Could you print each line of the material below exactly?

________________________________________

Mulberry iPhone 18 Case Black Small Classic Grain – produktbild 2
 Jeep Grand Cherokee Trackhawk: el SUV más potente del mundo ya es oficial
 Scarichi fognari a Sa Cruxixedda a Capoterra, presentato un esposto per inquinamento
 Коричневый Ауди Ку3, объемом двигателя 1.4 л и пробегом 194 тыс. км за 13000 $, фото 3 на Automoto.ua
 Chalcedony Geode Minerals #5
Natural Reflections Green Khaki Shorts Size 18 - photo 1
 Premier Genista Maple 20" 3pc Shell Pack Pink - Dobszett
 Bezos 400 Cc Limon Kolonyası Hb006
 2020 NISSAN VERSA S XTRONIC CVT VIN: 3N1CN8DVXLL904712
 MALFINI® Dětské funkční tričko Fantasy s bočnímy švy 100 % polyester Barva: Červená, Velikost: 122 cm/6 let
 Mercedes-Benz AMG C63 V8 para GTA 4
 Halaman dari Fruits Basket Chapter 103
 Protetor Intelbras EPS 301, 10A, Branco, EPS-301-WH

________________________________________

Final answer.
Mulberry iPhone 18 Case Black Small Classic Grain – produktbild 2
 Jeep Grand Cherokee Trackhawk: el SUV más potente del mundo ya es oficial
 Scarichi fognari a Sa Cruxixedda a Capoterra, presentato un esposto per inquinamento
 Коричневый Ауди Ку3, объемом двигателя 1.4 л и пробегом 194 тыс. км за 13000 $, фото 3 на Automoto.ua
 Chalcedony Geode Minerals #5
Natural Reflections Green Khaki Shorts Size 18 - photo 1
 Premier Genista Maple 20" 3pc Shell Pack Pink - Dobszett
 Bezos 400 Cc Limon Kolonyası Hb006
 2020 NISSAN VERSA S XTRONIC CVT VIN: 3N1CN8DVXLL904712
 MALFINI® Dětské funkční tričko Fantasy s bočnímy švy 100 % polyester Barva: Červená, Velikost: 122 cm/6 let
 Mercedes-Benz AMG C63 V8 para GTA 4
 Halaman dari Fruits Basket Chapter 103
 Protetor Intelbras EPS 301, 10A, Branco, EPS-301-WH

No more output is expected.